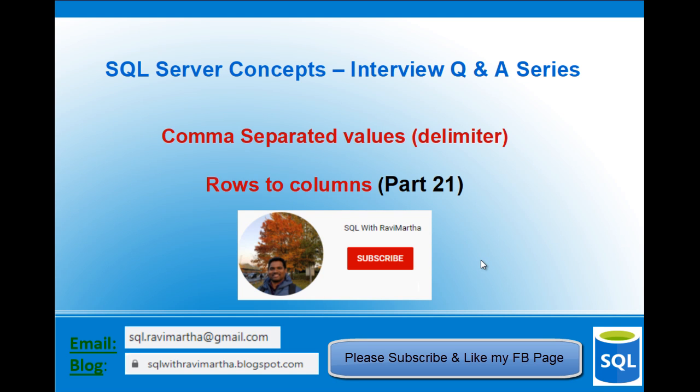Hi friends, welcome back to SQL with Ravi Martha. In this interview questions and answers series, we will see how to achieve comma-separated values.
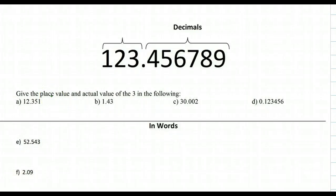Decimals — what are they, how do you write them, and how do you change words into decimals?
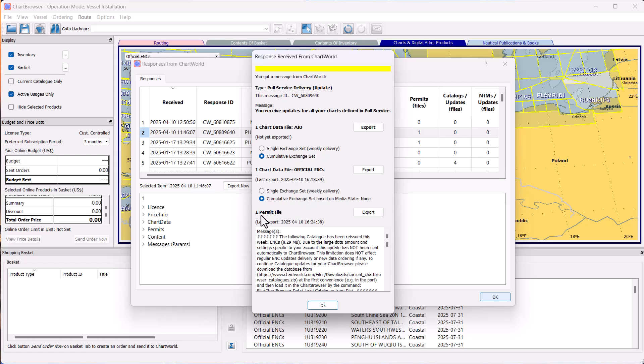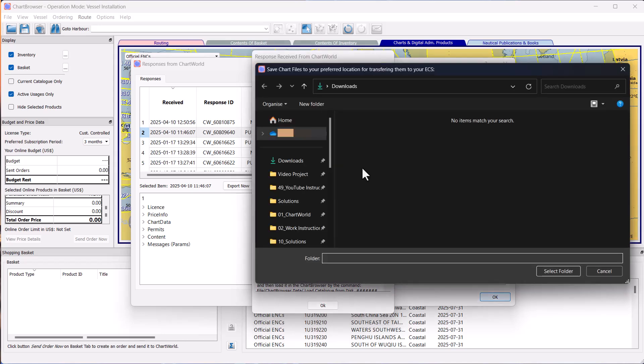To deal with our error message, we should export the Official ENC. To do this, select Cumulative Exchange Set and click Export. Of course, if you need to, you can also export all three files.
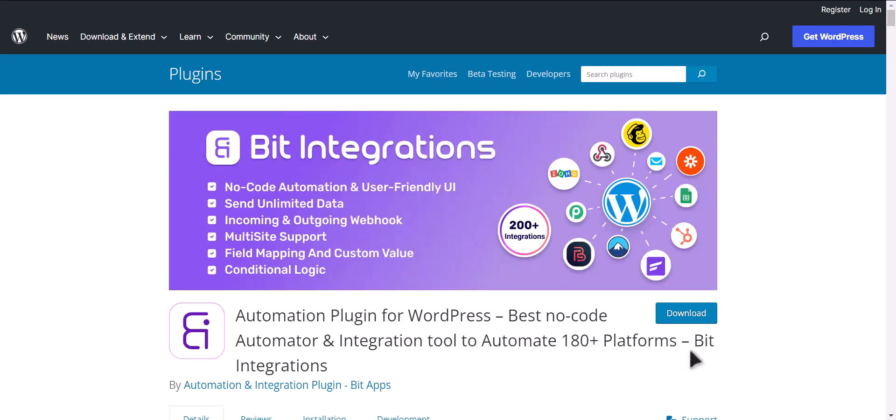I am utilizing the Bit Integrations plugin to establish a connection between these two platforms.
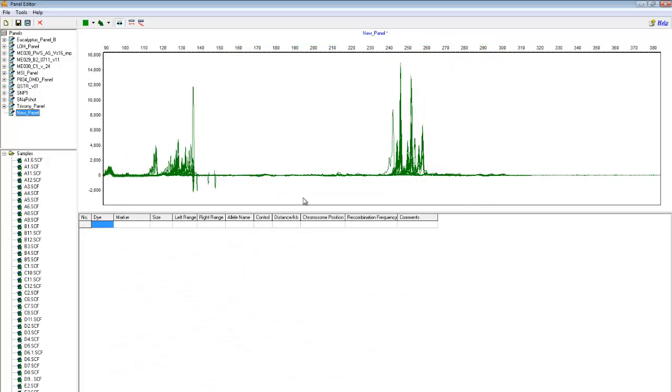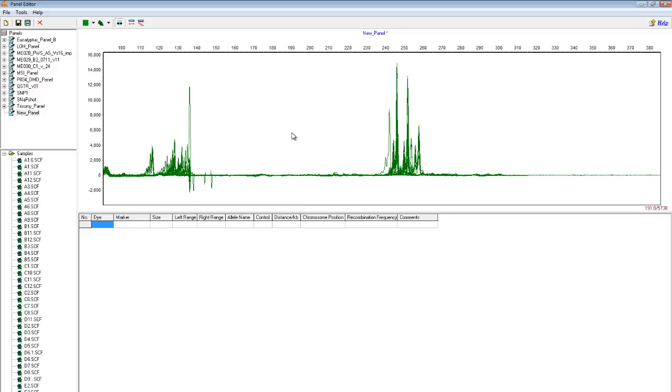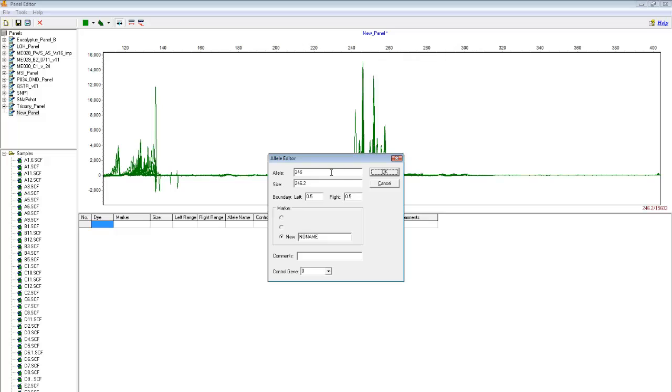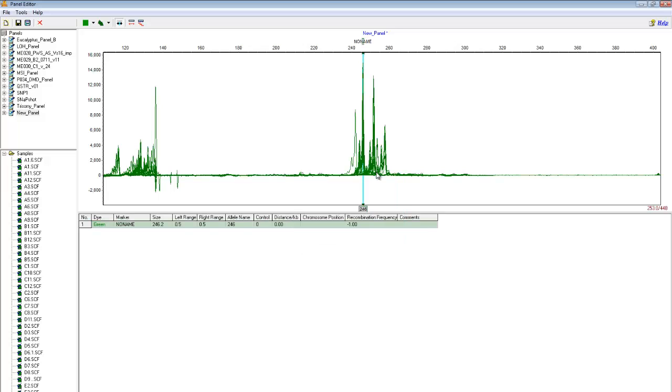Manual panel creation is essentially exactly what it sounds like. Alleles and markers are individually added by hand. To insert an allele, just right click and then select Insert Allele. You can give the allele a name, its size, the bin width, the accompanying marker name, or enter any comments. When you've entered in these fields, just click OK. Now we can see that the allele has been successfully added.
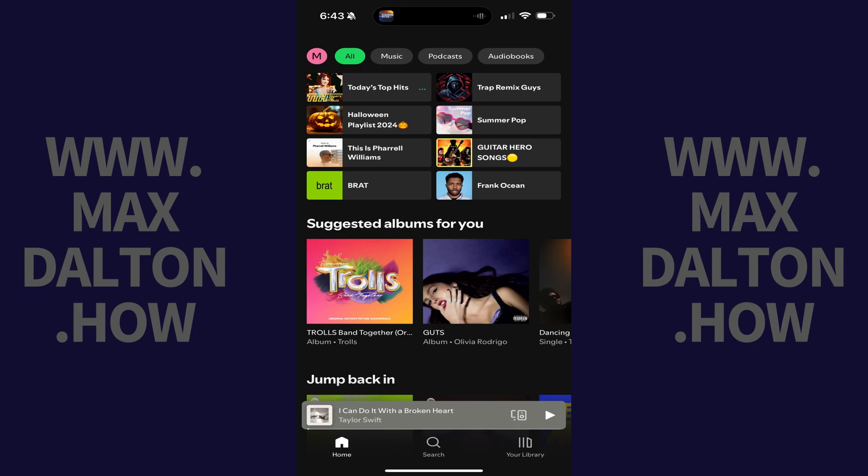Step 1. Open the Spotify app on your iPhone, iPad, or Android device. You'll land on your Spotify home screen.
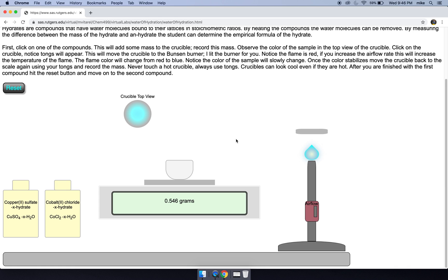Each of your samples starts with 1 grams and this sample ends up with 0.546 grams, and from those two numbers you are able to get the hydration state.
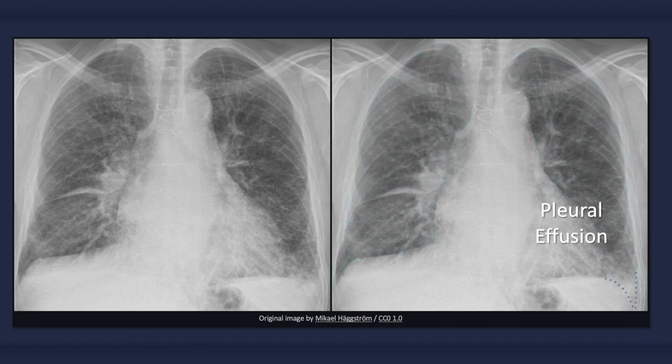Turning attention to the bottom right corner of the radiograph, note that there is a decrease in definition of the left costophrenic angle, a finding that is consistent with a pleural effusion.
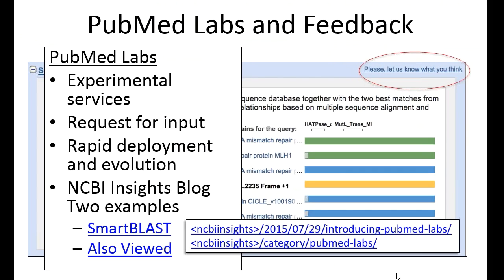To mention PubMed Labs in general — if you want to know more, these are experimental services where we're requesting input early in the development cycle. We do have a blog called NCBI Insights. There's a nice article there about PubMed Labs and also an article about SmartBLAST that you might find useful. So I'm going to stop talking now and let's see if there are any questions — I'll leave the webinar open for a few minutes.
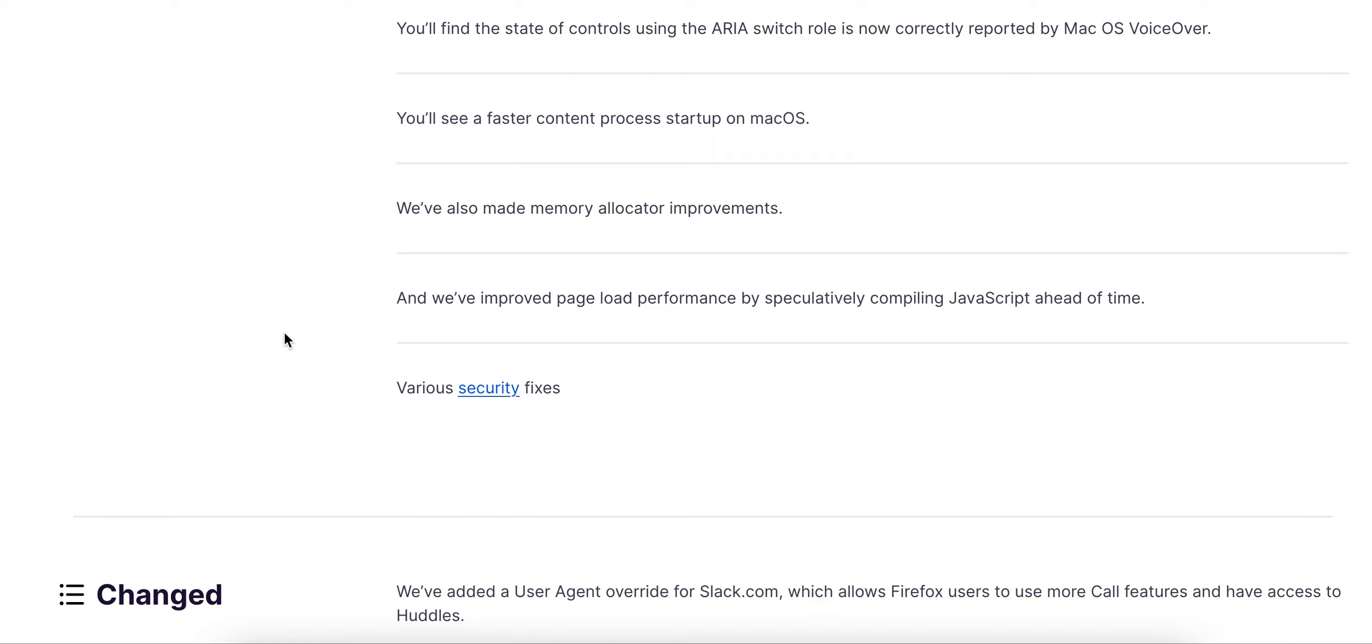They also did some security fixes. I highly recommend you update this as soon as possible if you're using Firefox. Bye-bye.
-.-.-
Set down again, exactly, the lines from the one with "Each of your" to the last line of the data, both included and pictures excluded.

Each of your samples starts with 1 grams and this sample ends up with 0.546 grams, and from those two numbers you are able to get the hydration state.
Turning attention to the bottom right corner of the radiograph, note that there is a decrease in definition of the left costophrenic angle, a finding that is consistent with a pleural effusion.
To mention PubMed Labs in general — if you want to know more, these are experimental services where we're requesting input early in the development cycle. We do have a blog called NCBI Insights. There's a nice article there about PubMed Labs and also an article about SmartBLAST that you might find useful. So I'm going to stop talking now and let's see if there are any questions — I'll leave the webinar open for a few minutes.
They also did some security fixes. I highly recommend you update this as soon as possible if you're using Firefox. Bye-bye.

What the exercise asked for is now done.